**TASK STATEMENT:**
Starting at the line with "Acessório preto com" and going on through the line with "Máquina de hielo", reproduce each line in the records below exactly and nothing more.

**PROVIDED MATERIAL:**
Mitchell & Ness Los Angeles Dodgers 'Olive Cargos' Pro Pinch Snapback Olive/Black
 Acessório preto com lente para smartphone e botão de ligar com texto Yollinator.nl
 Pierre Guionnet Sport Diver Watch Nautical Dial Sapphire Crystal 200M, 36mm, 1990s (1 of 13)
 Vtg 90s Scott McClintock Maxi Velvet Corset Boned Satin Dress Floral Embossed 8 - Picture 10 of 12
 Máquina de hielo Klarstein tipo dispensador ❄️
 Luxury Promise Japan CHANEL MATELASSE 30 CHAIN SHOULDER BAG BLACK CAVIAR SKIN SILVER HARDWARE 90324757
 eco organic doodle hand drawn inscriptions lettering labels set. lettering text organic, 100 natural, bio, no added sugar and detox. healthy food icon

**EXERCISE RESPONSE:**
 Acessório preto com lente para smartphone e botão de ligar com texto Yollinator.nl
 Pierre Guionnet Sport Diver Watch Nautical Dial Sapphire Crystal 200M, 36mm, 1990s (1 of 13)
 Vtg 90s Scott McClintock Maxi Velvet Corset Boned Satin Dress Floral Embossed 8 - Picture 10 of 12
 Máquina de hielo Klarstein tipo dispensador ❄️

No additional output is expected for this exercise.